As is often the case for me, Christmas shopping has given me the chance to look at all sorts of gadgets. (No, I’m not sure who to buy them for, but that isn’t the point.) The wealth of touch-based devices like the iPad, the Kindle Fire, the Galaxy Tab, and phones of all sorts is either incredibly exciting or amazingly confusing. Touch-based interfaces have moved well beyond the devices they started on and are showing up pretty much everywhere. Even my car (a Nissan Leaf) uses a touch interface. When I use a device with a screen, like my camera, and can’t touch the screen, it just feels wrong.
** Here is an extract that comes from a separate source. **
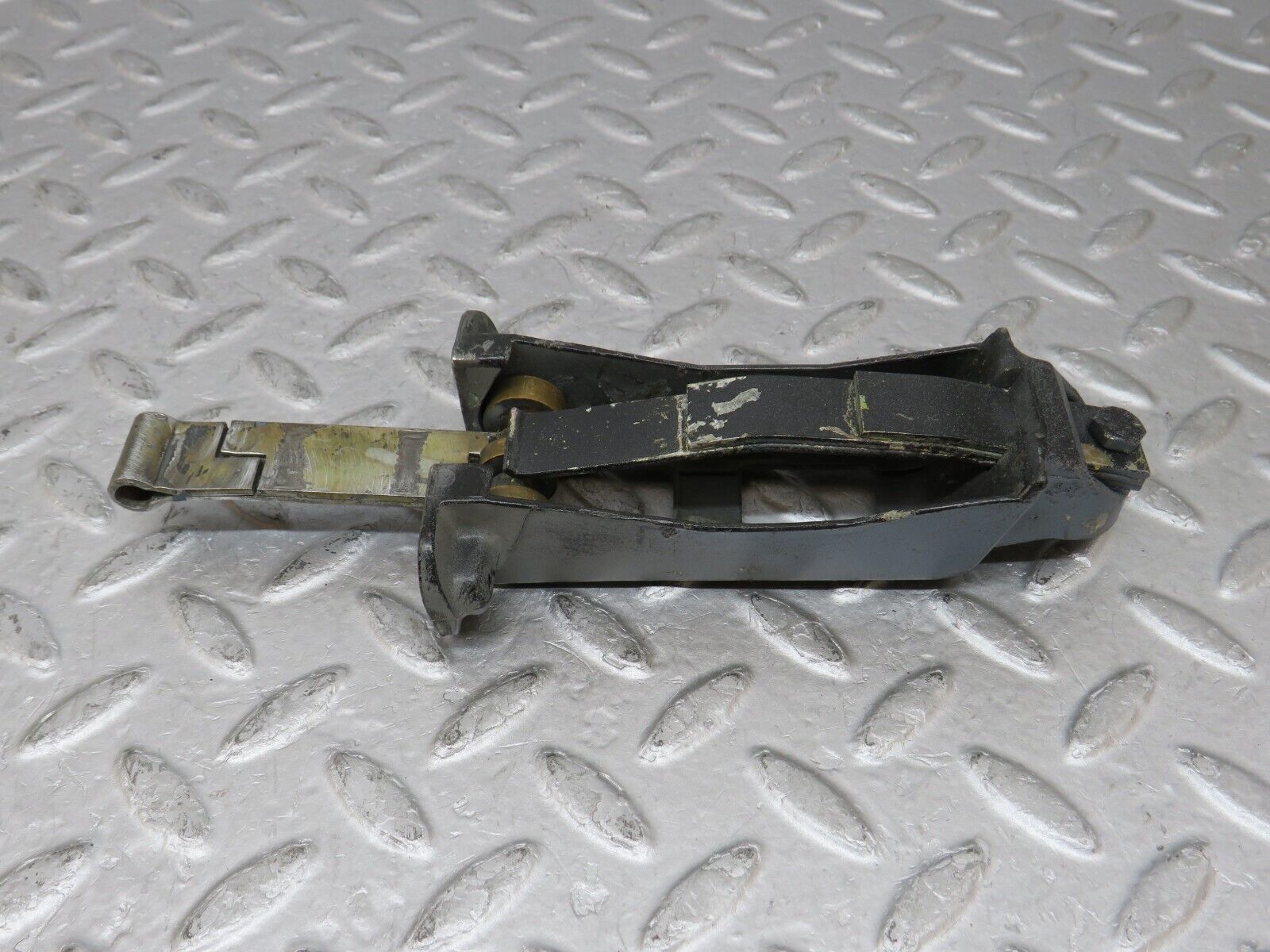 35715 Mercedes-Benz W108 Door Safety Check Strap 1087330027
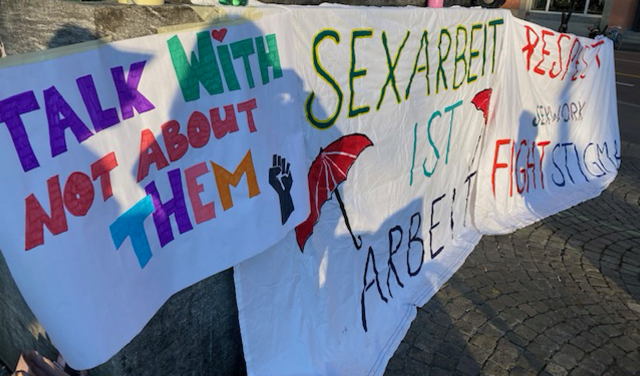 Ces derniers mois, le modèle «nordique», visant notamment à pénaliser la clientèle des travailleur·euse·x·s du sexe (TdS), a refait surface dans les débats politiques en Suisse. L’expérience de terrain et différentes études démontrent pourtant que l’interdiction d’achat de services sexuels détériore la situation des TdS et affaiblit leurs droits.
The power of computing devices like the iPad and other tablets is bringing touch into what we traditionally think of as the PC marketplace. The debut next year of Windows 8 with its touch-based Metro user interface will add another serious player to the mix. Touch will be in your desktop and notebook future. (Which for me means a steady supply of cloths for wiping screens will be a necessity, but that’s another story.) I think that touch will be the dominant interface—surpassing the mouse—in the near future.
When I see that kind of shift in the marketplace, and the resulting product diversity, my background makes me think that such an area is ripe for some good tools to compare the products. What do you think? Do we need a new generation of touch-based benchmarks for Metro? For other touch-based platforms?